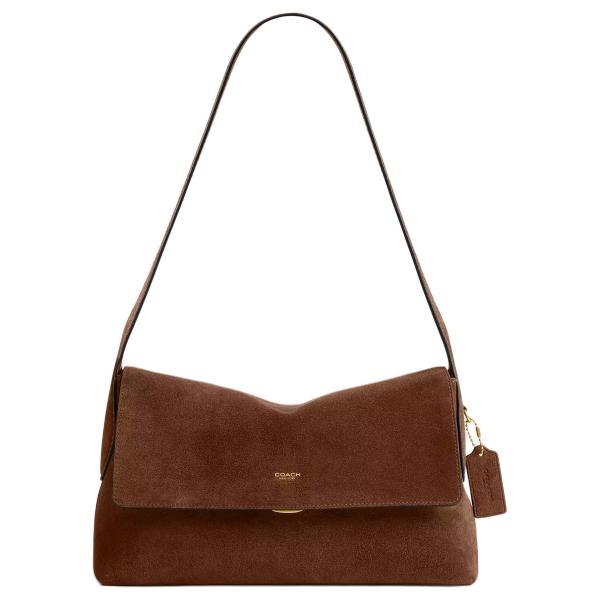 COACH Chelsea Cow Split Leather Shoulder Bag Large Women's Warm Brown CDS59-B4WBR size L30cm W12cm H18cm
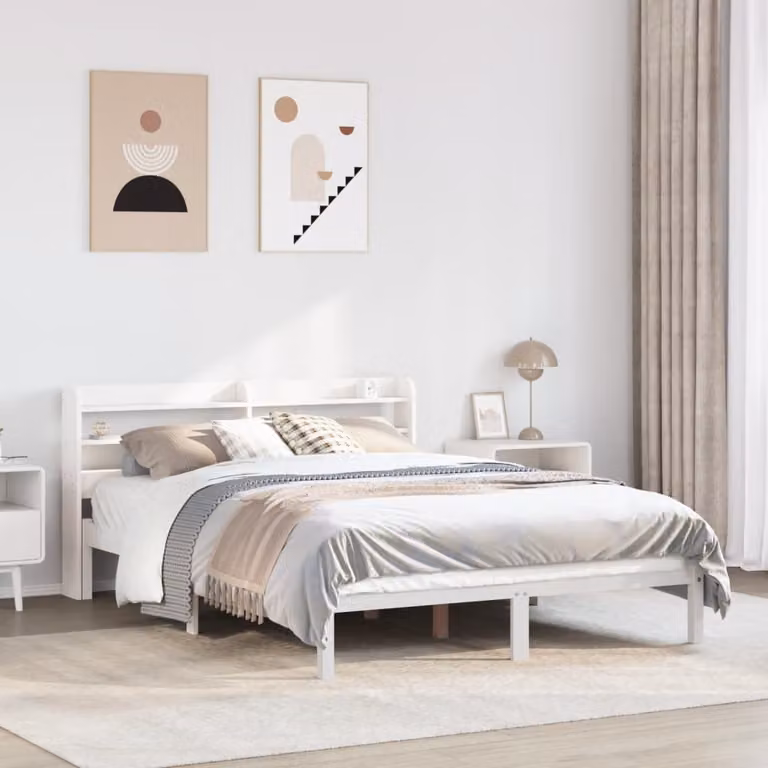 Letto in legno massello di pino bianco stile rustico con scomparti laterali vidaXL L/P/H: 200 x 160 x 82 cm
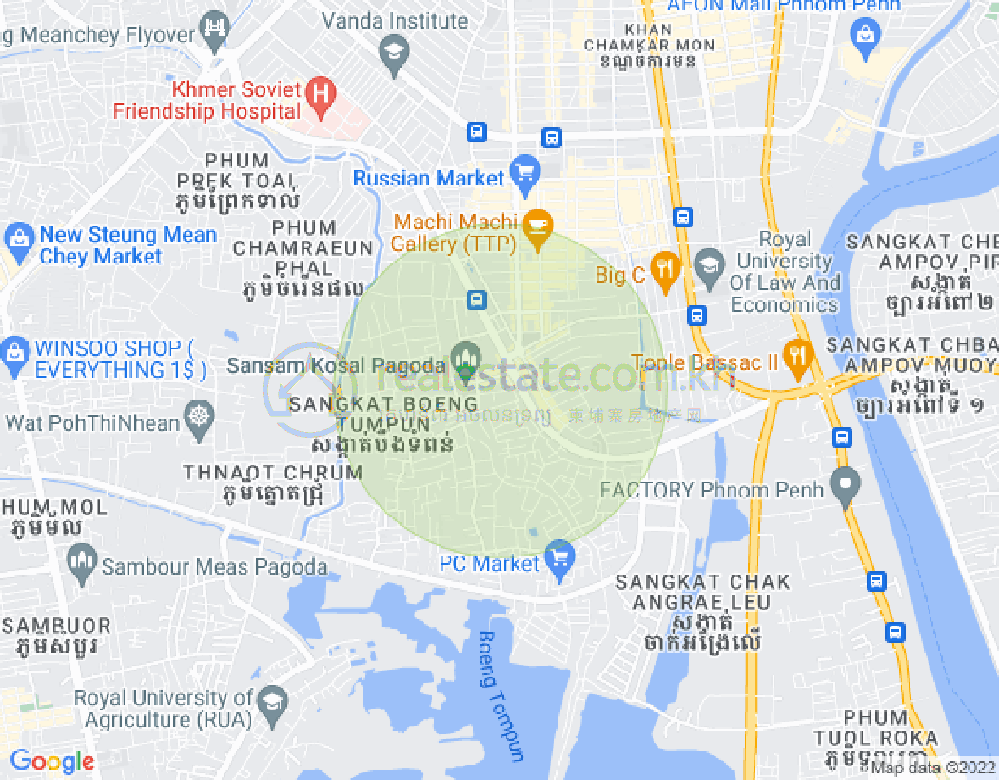 Boeung Tumpun分区, 棉芷区, 金边地图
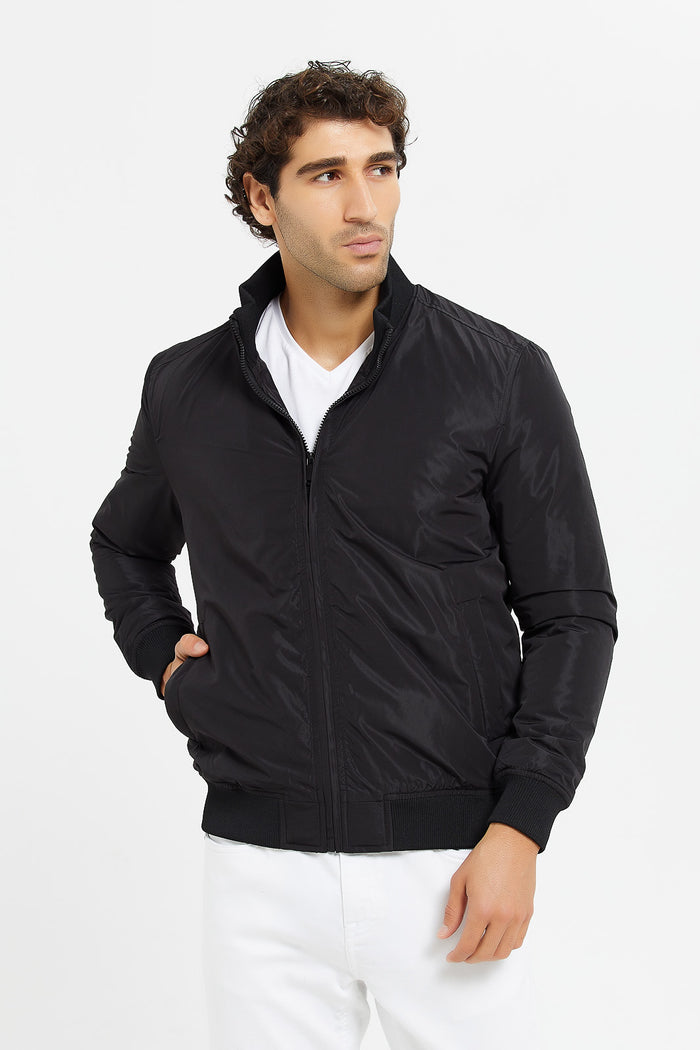 Redtag-Black-Bomber-Jacket-With-Faux-Fur-Lining-Category:Jackets,-Colour:Black,-Deals:New-In,-Filter:Men's-Clothing,-H1:MWR,-H2:GEN,-H3:CSJ,-H4:CSJ,-Men-Jackets,-MWRGENCSJCSJ,-New-In-Men,-Non-Sale,-ProductType:Puffers,-Season:W23A,-Section:Men,-W23A-Men's-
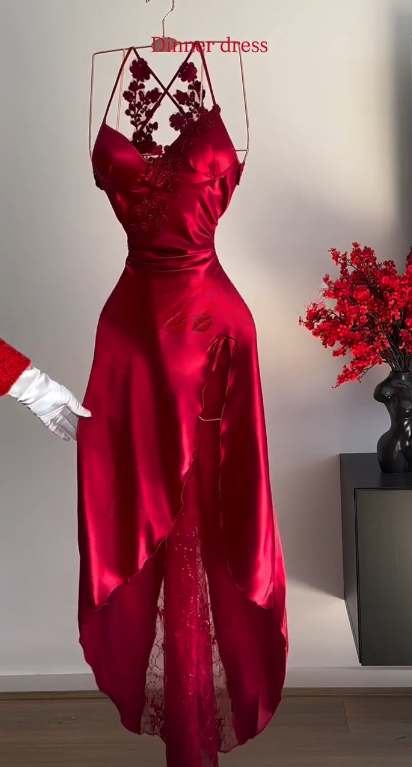Simple Red Long Evening Dress Spaghetti Straps Sheath Prom Dress  Satin Formal Dress ED08932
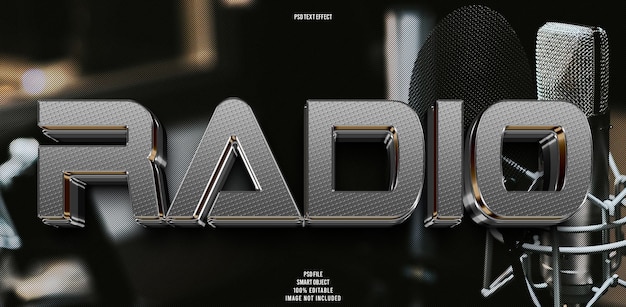 Efecto de texto editable de radio 3D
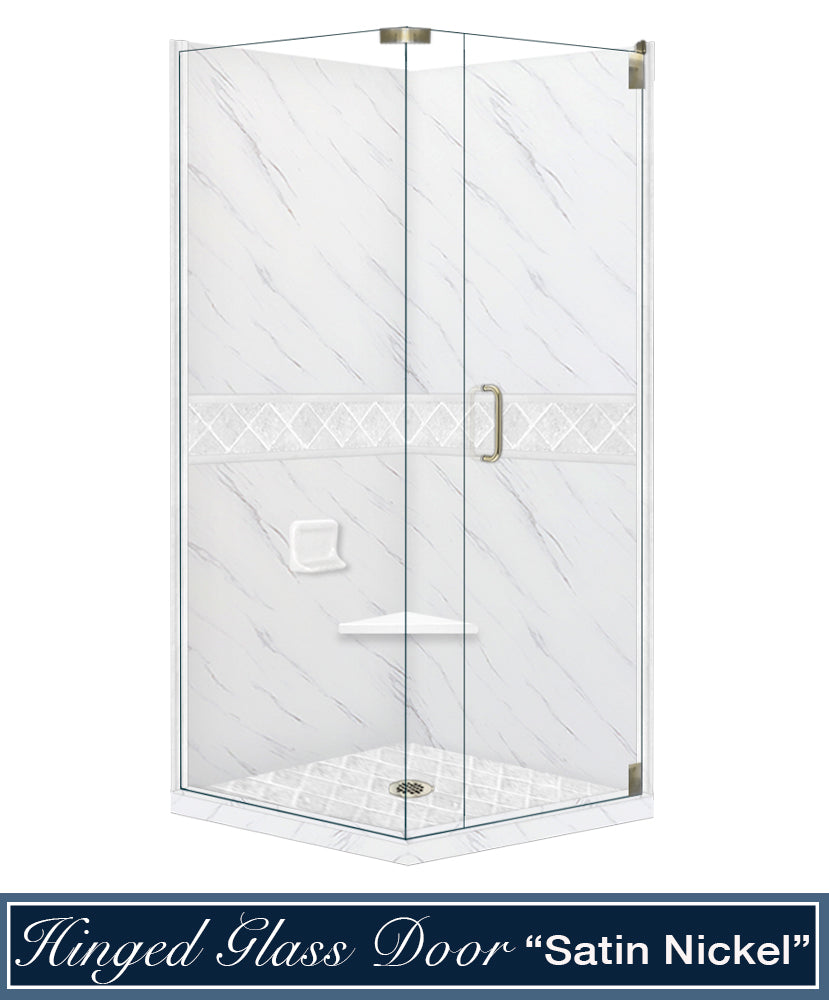 Carrara Marble Diamond Corner Shower Enclosure Kit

******************************

Task item: Make an exact copy of the listing. Do not carry over its pictures.

Result below:
 COACH Chelsea Cow Split Leather Shoulder Bag Large Women's Warm Brown CDS59-B4WBR size L30cm W12cm H18cm
 Letto in legno massello di pino bianco stile rustico con scomparti laterali vidaXL L/P/H: 200 x 160 x 82 cm
 Boeung Tumpun分区, 棉芷区, 金边地图
 Redtag-Black-Bomber-Jacket-With-Faux-Fur-Lining-Category:Jackets,-Colour:Black,-Deals:New-In,-Filter:Men's-Clothing,-H1:MWR,-H2:GEN,-H3:CSJ,-H4:CSJ,-Men-Jackets,-MWRGENCSJCSJ,-New-In-Men,-Non-Sale,-ProductType:Puffers,-Season:W23A,-Section:Men,-W23A-Men's-
Simple Red Long Evening Dress Spaghetti Straps Sheath Prom Dress  Satin Formal Dress ED08932
 Efecto de texto editable de radio 3D
 Carrara Marble Diamond Corner Shower Enclosure Kit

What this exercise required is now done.